MobileRead Forums - View Single Post

BensonBear · 05-25-2012, 04:01 PM

Quote:

Originally Posted by Mattypants

Since pdfs seem to be a bit of a fail on the KT, can they be reliably converted to epubs? (I'm guilty of not Googling this before asking, but wondering if any of you have had any success with it). Will report back if I have any myself.

It is far more reasonable to attempt to convert pdfs on one's own rather than expect Kobo to do it. There is no clear specification of what "reflowing" a pdf even means and different people will be differently satisfied by different ways of doing this. What Kobo SHOULD do is read pdfs in their native format by zooming automatically in portrait mode to the maximum possible (subject to user modification when it guesses wrong) and have nice commands to advance in the book that do not require panning. This will probably satisfy a lot more people a lot more easily.

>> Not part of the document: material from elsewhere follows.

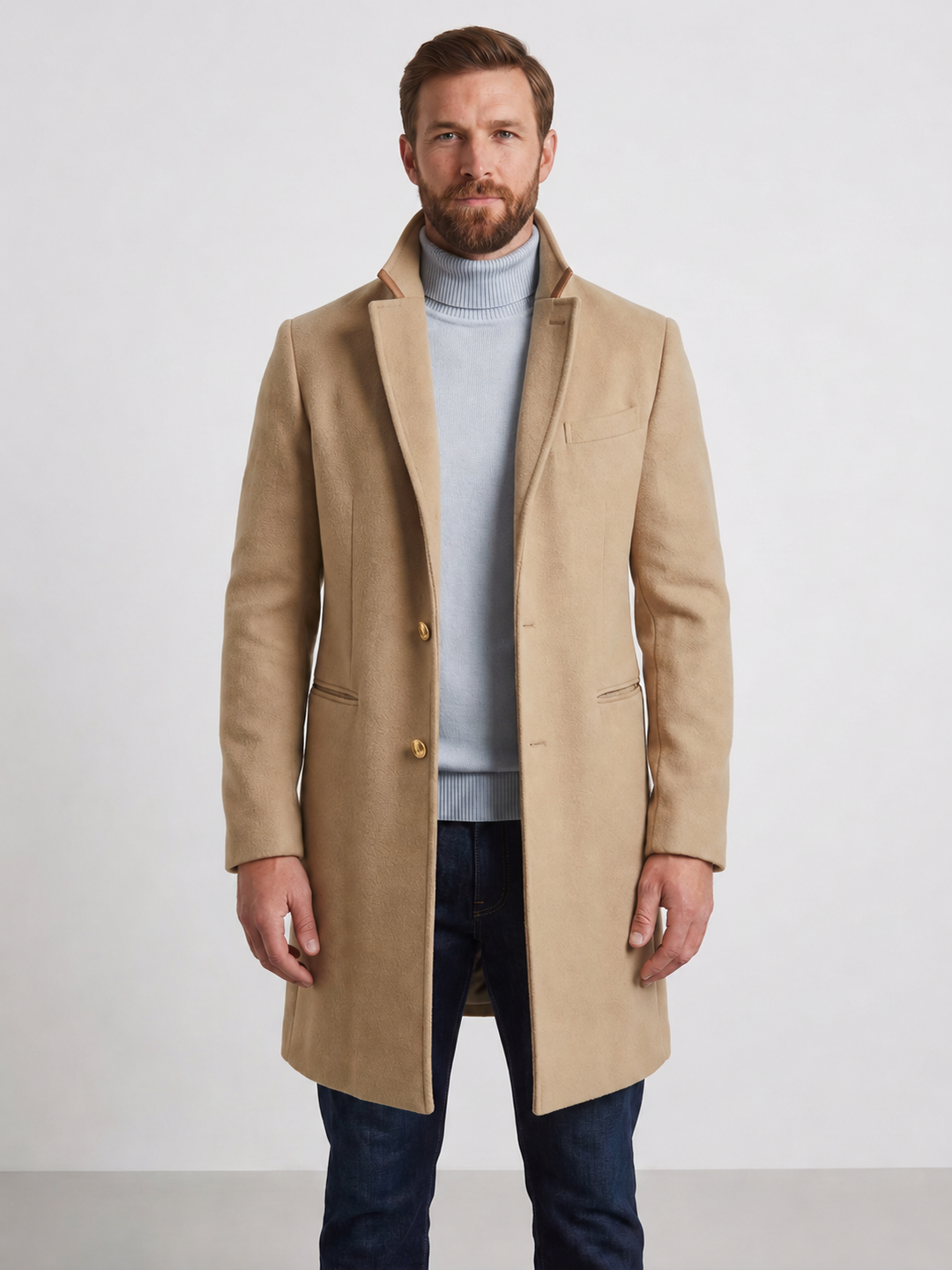Men's Tailored Mid-Length Winter Coat with Button Fastening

I have not found any program that does a nice pdf convert to "reflow" it. Calibre suggests you use search and replace to match the headers and footers to remove them, but this seems very difficult. Then it will not figure out either how to join the text on the two successive pages.

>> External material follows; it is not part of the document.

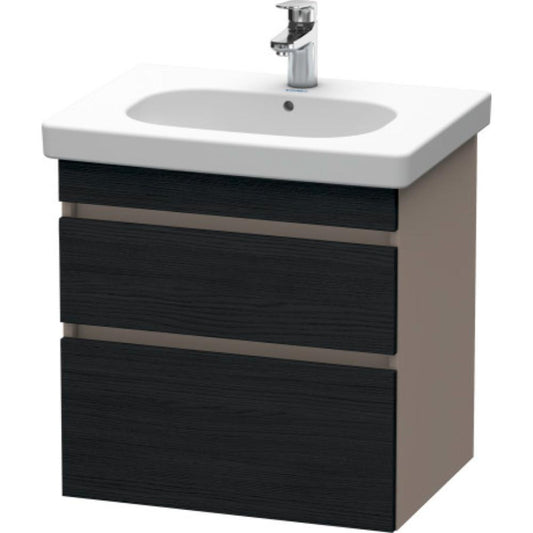 Duravit DuraStyle 24" x 24" x 18" Two Drawer Wall-Mount Vanity Unit in Oak Black and Basalt (DS648301643)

Rather than local regular expressions to match headers and footers, I think one needs a heuristic like "the font has changed near the end of the page, and remains mostly changed until the end of the page, perhaps after a space which is larger than usual". Calibre or some other program could add a set of hueristics like this that the user could apply before converting. In the source for pdftohtml, they can be applied at the point where it has gathered up all of the text for the page into a set of line segments.

If I keep my Kobo I will probably try to add these to pdftohtml. Including one to detect typical footnotes and divert them to another section of the epub, and add a link to that section. Then you can go back and forth between text and footnotes, and this can probably be done without the extremely difficult task of finding out how footnotes are represented in the particular text. All one needs to do is detect where the footnote text starts at the bottom of the page and this can probably be done in many texts without too much difficulty.
But I think the heuristics need to be page-global, based on physical spacing and text size, not local regular expressions.